▸ **RECORDS**:
::::

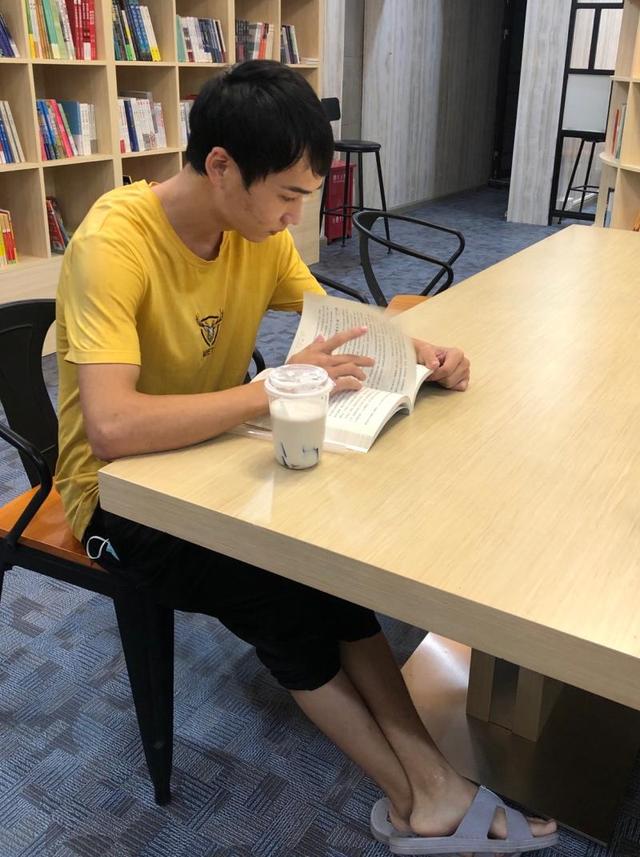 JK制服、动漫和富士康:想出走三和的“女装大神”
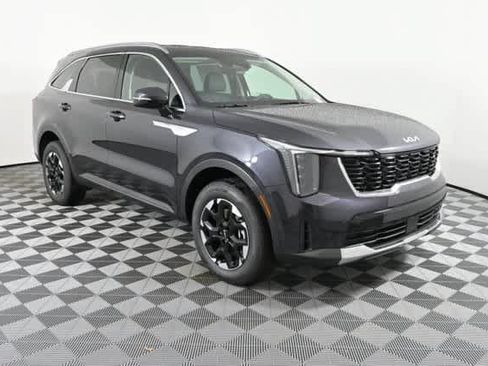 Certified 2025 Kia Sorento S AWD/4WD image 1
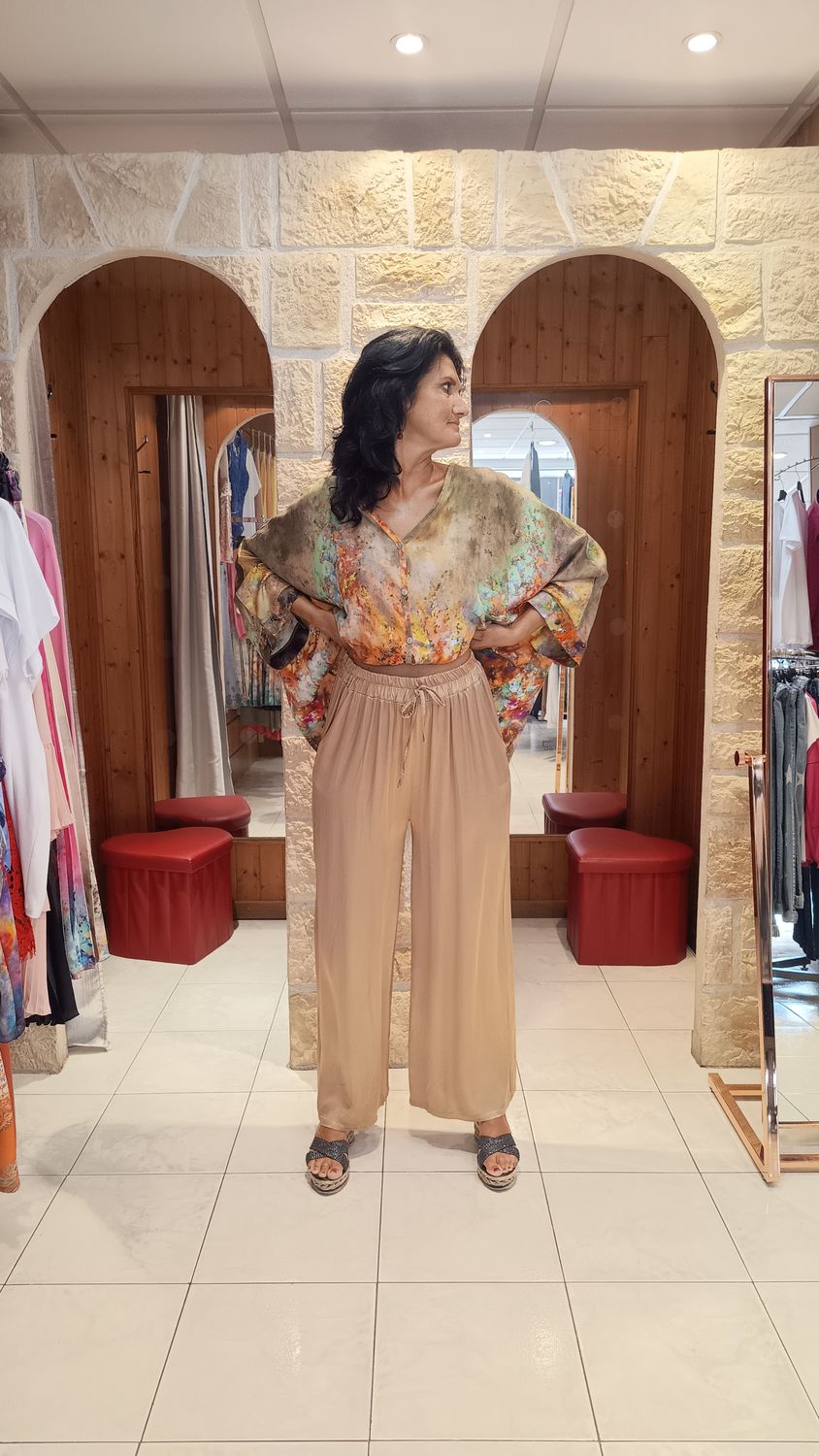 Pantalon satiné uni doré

::::

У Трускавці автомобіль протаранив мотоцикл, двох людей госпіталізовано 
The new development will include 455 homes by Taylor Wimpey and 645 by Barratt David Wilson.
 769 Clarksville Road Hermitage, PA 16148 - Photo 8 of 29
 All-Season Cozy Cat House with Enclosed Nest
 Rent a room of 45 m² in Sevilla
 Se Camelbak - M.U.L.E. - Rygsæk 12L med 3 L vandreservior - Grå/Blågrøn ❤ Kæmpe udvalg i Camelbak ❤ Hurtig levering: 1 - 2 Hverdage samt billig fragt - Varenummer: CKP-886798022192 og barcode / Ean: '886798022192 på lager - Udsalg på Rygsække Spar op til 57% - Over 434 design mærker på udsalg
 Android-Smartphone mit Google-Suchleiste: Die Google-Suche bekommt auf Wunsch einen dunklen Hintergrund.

::::

▸ **EXERCISE REQUIREMENTS**: Leaving pictures out, output the lines of the data above from the one with "Certified 2025 Kia Sorento S AWD/4WD image 1" through the one with "Pantalon satiné uni doré", word for word.

▸ **ANSWER BELOW**:
 Certified 2025 Kia Sorento S AWD/4WD image 1
 Pantalon satiné uni doré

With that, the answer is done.